# TASK REQUIREMENTS:
Would you please return every line from the listing that contains the word "Gray"?

*** EXTRACTED ENTRIES

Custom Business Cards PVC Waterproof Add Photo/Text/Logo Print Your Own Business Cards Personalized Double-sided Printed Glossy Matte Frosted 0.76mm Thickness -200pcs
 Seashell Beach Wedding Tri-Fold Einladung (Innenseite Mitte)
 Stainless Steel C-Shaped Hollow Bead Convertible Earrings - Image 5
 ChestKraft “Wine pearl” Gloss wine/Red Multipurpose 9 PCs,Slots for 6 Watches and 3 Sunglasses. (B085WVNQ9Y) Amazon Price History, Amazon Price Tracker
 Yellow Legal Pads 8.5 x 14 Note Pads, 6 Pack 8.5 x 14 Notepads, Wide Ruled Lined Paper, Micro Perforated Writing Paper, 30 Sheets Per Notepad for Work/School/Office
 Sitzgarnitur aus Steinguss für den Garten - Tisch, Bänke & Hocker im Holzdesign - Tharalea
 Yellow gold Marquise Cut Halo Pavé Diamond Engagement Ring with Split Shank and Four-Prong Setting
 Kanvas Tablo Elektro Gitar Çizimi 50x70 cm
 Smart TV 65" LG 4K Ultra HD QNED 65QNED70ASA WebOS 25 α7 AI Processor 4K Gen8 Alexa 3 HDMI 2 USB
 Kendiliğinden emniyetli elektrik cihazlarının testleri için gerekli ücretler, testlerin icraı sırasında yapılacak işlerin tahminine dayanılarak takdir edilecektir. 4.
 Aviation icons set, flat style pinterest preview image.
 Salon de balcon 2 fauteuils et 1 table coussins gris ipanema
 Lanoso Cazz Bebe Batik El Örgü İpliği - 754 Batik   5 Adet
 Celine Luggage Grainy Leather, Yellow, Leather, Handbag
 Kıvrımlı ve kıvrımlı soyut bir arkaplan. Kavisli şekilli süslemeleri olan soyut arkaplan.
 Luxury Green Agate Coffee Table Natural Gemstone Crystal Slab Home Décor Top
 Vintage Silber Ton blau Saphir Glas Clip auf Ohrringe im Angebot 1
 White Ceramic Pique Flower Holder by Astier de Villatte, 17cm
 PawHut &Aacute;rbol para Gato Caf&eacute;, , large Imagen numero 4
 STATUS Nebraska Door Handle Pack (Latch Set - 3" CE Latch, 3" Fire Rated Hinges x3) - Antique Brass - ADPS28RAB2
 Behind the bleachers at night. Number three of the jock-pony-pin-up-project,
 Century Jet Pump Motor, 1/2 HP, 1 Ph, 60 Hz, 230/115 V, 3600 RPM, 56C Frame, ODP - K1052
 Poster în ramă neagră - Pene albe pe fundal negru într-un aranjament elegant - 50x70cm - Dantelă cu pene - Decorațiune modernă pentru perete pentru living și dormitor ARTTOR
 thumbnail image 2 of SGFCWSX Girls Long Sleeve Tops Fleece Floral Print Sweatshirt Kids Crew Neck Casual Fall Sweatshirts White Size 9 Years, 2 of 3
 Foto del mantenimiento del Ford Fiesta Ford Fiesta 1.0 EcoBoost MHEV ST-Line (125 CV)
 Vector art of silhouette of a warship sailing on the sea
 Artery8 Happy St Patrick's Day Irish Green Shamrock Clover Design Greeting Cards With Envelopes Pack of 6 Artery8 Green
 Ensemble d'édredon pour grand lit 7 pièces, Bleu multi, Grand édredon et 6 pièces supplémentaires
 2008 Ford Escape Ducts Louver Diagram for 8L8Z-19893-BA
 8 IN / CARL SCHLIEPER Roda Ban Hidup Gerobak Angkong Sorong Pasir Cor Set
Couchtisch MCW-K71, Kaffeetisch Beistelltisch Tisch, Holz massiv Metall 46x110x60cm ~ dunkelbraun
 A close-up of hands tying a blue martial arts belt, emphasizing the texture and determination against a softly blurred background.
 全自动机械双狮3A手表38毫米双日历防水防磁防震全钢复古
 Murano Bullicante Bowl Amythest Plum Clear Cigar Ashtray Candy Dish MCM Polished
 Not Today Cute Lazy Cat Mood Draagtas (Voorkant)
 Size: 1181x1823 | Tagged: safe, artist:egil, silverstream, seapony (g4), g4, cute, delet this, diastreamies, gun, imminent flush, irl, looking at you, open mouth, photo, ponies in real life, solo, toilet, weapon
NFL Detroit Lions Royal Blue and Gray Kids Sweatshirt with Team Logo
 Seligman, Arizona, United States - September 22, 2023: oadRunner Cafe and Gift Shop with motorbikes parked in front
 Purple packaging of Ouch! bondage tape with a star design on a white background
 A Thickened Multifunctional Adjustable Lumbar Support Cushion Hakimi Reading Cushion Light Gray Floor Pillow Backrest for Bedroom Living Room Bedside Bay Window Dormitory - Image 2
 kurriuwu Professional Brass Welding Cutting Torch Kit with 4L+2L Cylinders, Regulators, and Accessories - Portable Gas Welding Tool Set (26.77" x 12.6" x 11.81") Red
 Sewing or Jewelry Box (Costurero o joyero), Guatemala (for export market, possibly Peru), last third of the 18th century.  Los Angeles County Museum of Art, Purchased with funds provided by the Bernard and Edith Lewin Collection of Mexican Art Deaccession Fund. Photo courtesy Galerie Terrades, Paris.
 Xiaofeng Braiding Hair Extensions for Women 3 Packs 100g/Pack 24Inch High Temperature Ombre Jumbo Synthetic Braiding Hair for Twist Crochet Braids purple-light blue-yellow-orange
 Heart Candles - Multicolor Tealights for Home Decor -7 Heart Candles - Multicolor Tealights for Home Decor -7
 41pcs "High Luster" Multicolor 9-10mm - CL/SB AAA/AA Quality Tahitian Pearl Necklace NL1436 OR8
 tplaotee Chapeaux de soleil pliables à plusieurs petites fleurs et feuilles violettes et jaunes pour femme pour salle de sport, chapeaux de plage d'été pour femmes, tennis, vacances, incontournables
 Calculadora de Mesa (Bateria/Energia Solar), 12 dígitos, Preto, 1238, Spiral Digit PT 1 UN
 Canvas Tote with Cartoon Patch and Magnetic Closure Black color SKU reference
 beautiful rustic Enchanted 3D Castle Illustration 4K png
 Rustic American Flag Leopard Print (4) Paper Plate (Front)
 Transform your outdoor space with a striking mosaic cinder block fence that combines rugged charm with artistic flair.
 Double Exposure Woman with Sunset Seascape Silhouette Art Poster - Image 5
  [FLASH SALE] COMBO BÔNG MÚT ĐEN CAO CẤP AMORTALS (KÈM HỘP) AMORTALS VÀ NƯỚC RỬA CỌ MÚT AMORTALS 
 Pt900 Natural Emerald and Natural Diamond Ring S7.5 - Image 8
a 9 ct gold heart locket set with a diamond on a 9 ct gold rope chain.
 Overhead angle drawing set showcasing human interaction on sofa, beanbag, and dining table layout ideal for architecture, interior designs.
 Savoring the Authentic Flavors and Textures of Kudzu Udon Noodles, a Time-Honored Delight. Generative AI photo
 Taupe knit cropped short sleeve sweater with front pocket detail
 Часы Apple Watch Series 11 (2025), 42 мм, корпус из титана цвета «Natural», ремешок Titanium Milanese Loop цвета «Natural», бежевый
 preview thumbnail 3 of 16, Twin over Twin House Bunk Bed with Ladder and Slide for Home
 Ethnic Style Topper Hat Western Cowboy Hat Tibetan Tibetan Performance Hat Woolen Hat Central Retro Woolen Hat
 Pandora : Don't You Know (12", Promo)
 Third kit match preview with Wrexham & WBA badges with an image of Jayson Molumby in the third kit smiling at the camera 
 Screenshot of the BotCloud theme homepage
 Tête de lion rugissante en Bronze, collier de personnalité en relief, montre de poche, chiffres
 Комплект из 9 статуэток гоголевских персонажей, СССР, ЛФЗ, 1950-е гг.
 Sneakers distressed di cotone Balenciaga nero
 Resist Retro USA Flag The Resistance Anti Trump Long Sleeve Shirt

******

# OUTPUT FOR THIS EXERCISE:
NFL Detroit Lions Royal Blue and Gray Kids Sweatshirt with Team Logo
 A Thickened Multifunctional Adjustable Lumbar Support Cushion Hakimi Reading Cushion Light Gray Floor Pillow Backrest for Bedroom Living Room Bedside Bay Window Dormitory - Image 2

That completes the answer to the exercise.